## TASK PROMPT
Copy exactly the lines of the data below that run from the line holding "How can I prevent diabetes kidney problems?" through the line holding "adverese affects of", both ends included.

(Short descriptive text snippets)
*-*-*

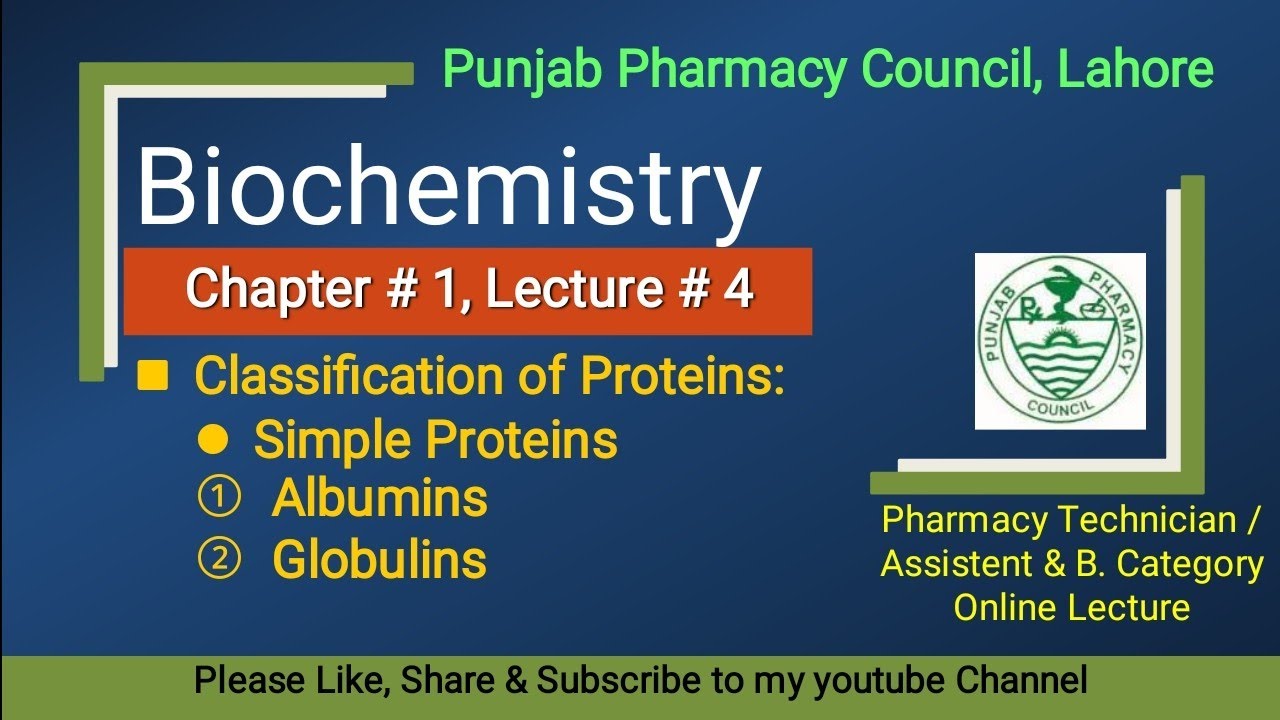Biochemistry | Ch#1 | Lec#4 | Classification of Proteins, Simple Proteins | Pak Pharmacy Technician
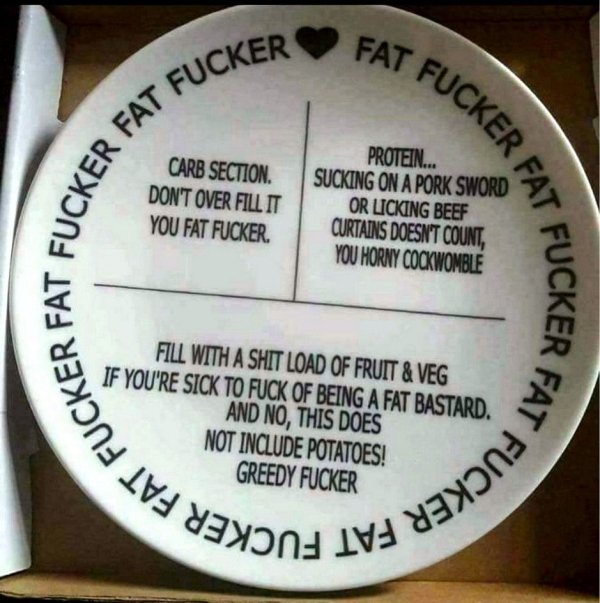 label - Cat Fucker Cat Fucker Fucker Fat Carb Section. Don'T Over Fill It You Fat Fucker. Protein... Sucking On A Pork Sword Or Licking Beef Curtains Doesn'T Count You Horny Cockwomble Icker Fate At Fucker Fill With A Shit Load Of Fruit & Veg If You'Re Si
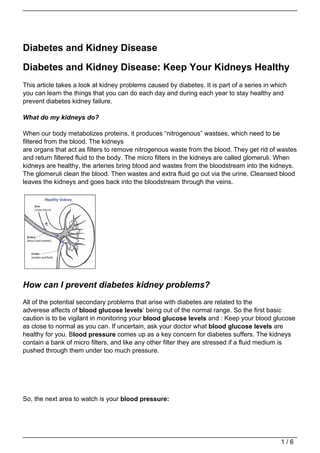 Diabetes and Kidney Disease

Diabetes and Kidney Disease: Keep Your Kidneys Healthy
This article takes a look at kidney problems caused by diabetes. It is part of a series in which
you can learn the things that you can do each day and during each year to stay healthy and
prevent diabetes kidney failure.

What do my kidneys do?

When our body metabolizes proteins, it produces “nitrogenous” wastses, which need to be
filtered from the blood. The kidneys
are organs that act as filters to remove nitrogenous waste from the blood. They get rid of wastes
and return filtered fluid to the body. The micro filters in the kidneys are called glomeruli. When
kidneys are healthy, the arteries bring blood and wastes from the bloodstream into the kidneys.
The glomeruli clean the blood. Then wastes and extra fluid go out via the urine. Cleansed blood
leaves the kidneys and goes back into the bloodstream through the veins.




How can I prevent diabetes kidney problems?
All of the potential secondary problems that arise with diabetes are related to the
adverese affects of blood glucose levels‘ being out of the normal range. So the first basic
caution is to be vigilant in monitoring your blood glucose levels and : Keep your blood glucose
as close to normal as you can. If uncertain, ask your doctor what blood glucose levels are
healthy for you. Blood pressure comes up as a key concern for diabetes suffers. The kidneys
contain a bank of micro filters, and like any other filter they are stressed if a fluid medium is
pushed through them under too much pressure.




So, the next area to watch is your blood pressure:




                                                                                             1/6
 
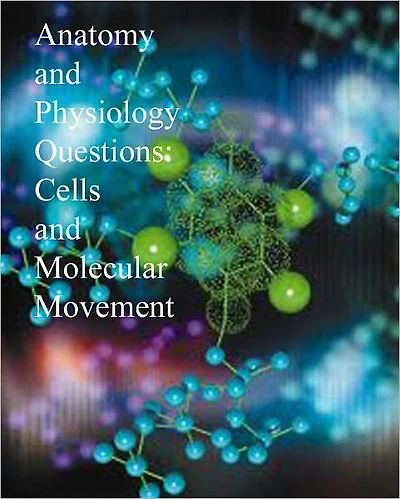 Anatomy and Physiology Questions: Cells and Molecular Movement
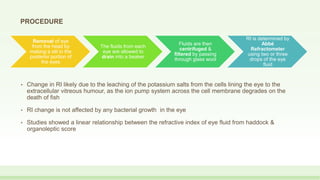 • Change in RI likely due to the leaching of the potassium salts from the cells lining the eye to the
extracellular vitreous humour, as the ion pump system across the cell membrane degrades on the
death of fish
• RI change is not affected by any bacterial growth in the eye
• Studies showed a linear relationship between the refractive index of eye fluid from haddock &
organoleptic score
Removal of eye
from the head by
making a slit in the
posterior portion of
the eyes
The fluids from each
eye are allowed to
drain into a beaker
Fluids are then
centrifuged &
filtered by passing
through glass wool
RI is determined by
Abbé
Refractometer
using two or three
drops of the eye
fluid
PROCEDURE
 
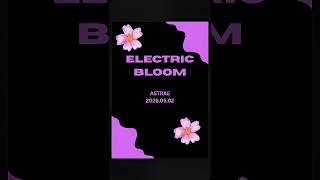 ASTRAE Electric Bloom #astrae #fypシ #girlgroup #kpop #fypシ゚viral 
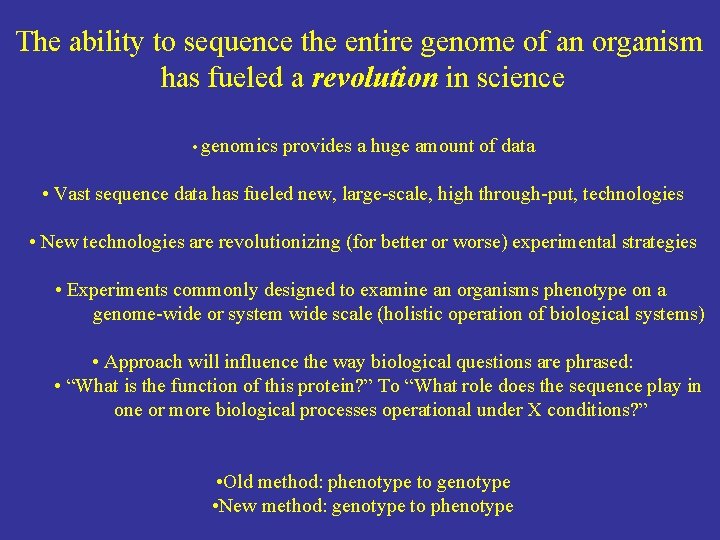 The ability to sequence the entire genome of an organism has fueled a revolution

*-*-*

## SOLUTION TO THE EXERCISE
How can I prevent diabetes kidney problems?
All of the potential secondary problems that arise with diabetes are related to the
adverese affects of blood glucose levels‘ being out of the normal range. So the first basic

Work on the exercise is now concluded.